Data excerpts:

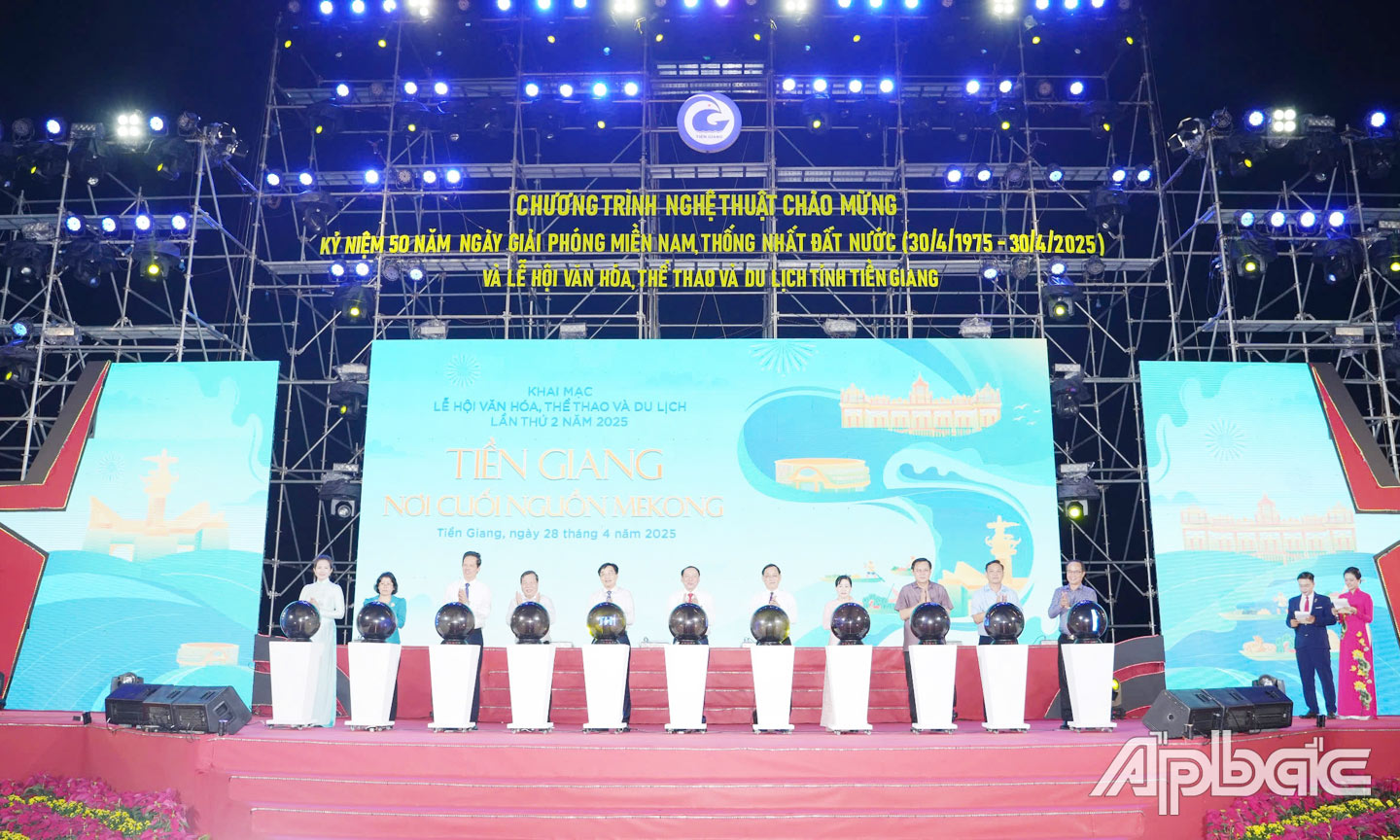 Nghi thức khai mạc Lễ hội Văn hóa, Thể thao và Du lịch tỉnh Tiền Giang lần thứ 2 năm 2025. Ảnh: MINH THÀNH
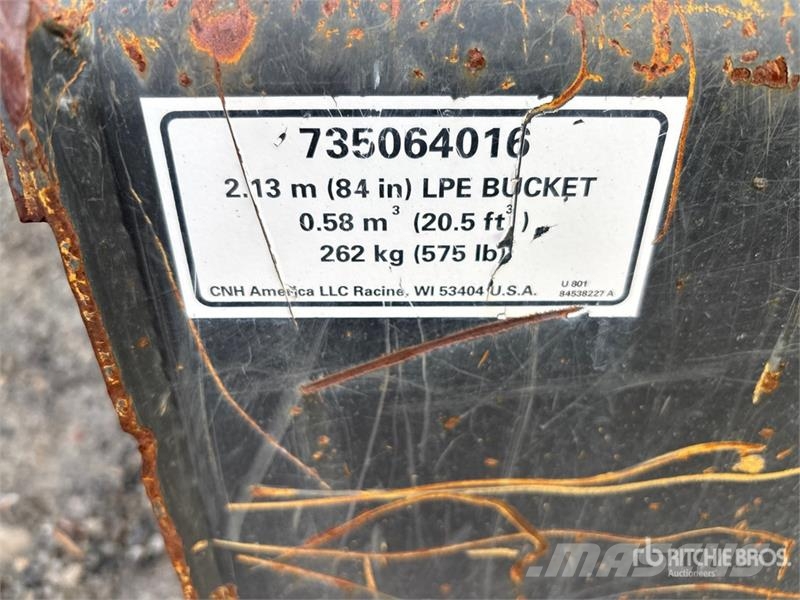  84 in General Purpose Skid Steer Bucket Skovle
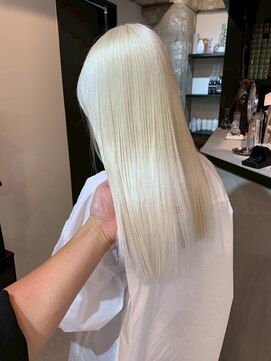 ペレ 原宿(PELE) ダブルカラー/ケアブリーチ/羽エクステ/原宿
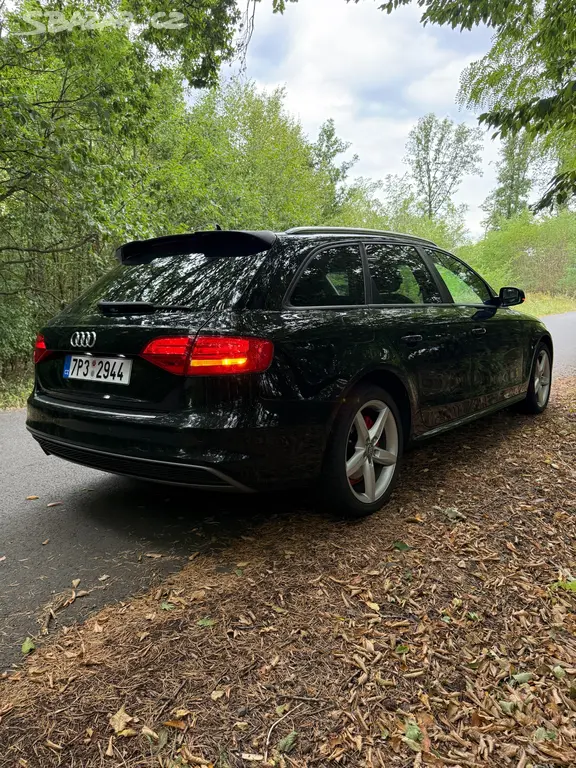 Audi A4 B8 Facelift 2.0tdi 105kw s 6st. manuál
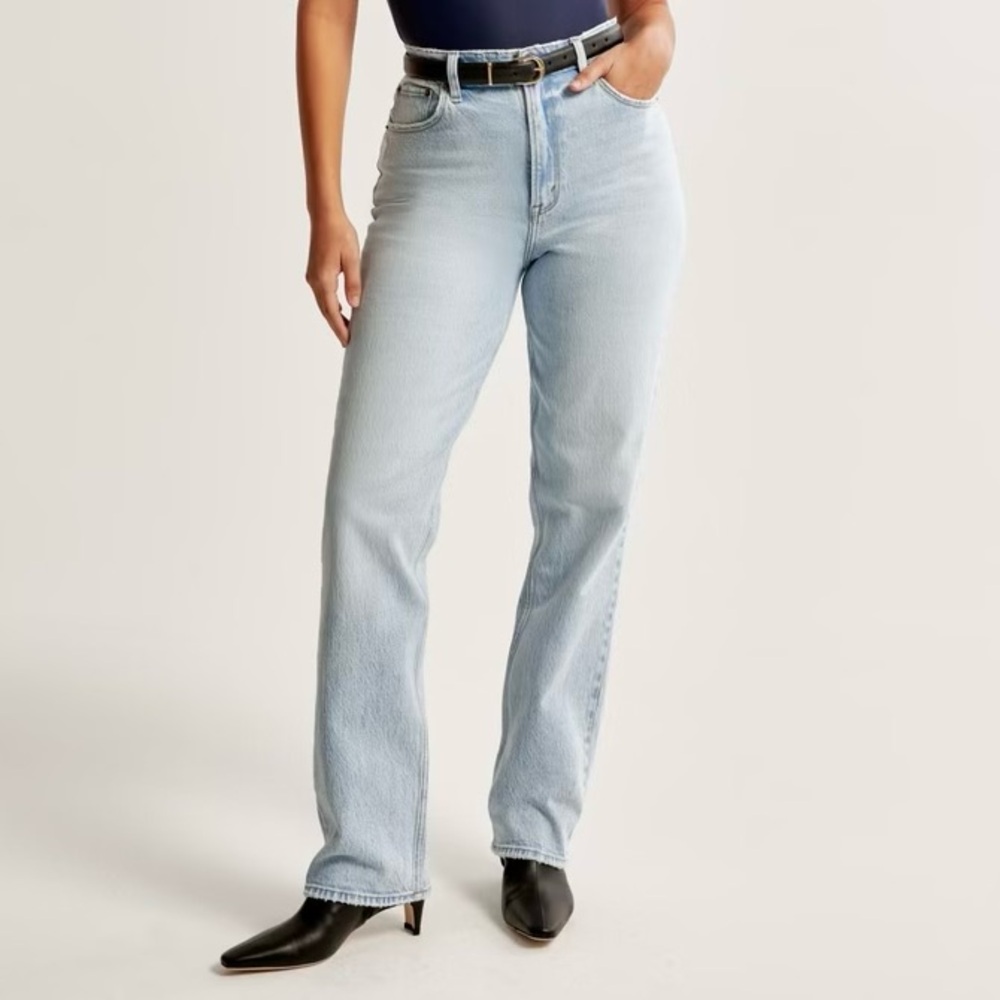 Abercrombie & Fitch Curve Love Ultra High Rise 90s Straight Jean Light Wash
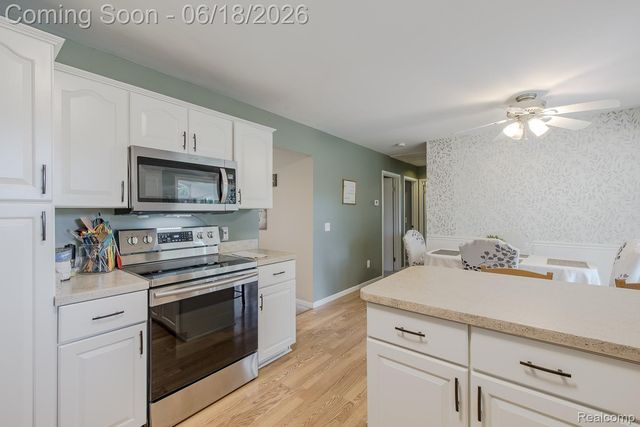 880 Joslyn Road, Orion Charter Township, MI 48362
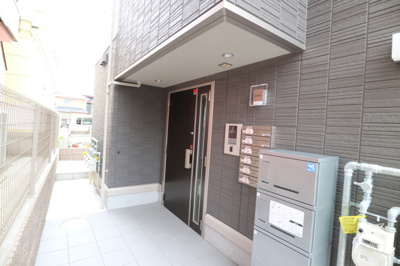 【エントランス】 | ラウレア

== Work instruction ==
The copy must include every record exactly and none of the pictures.

== Solution to the exercise ==
 Nghi thức khai mạc Lễ hội Văn hóa, Thể thao và Du lịch tỉnh Tiền Giang lần thứ 2 năm 2025. Ảnh: MINH THÀNH
  84 in General Purpose Skid Steer Bucket Skovle
 ペレ 原宿(PELE) ダブルカラー/ケアブリーチ/羽エクステ/原宿
 Audi A4 B8 Facelift 2.0tdi 105kw s 6st. manuál
 Abercrombie & Fitch Curve Love Ultra High Rise 90s Straight Jean Light Wash
 880 Joslyn Road, Orion Charter Township, MI 48362
 【エントランス】 | ラウレア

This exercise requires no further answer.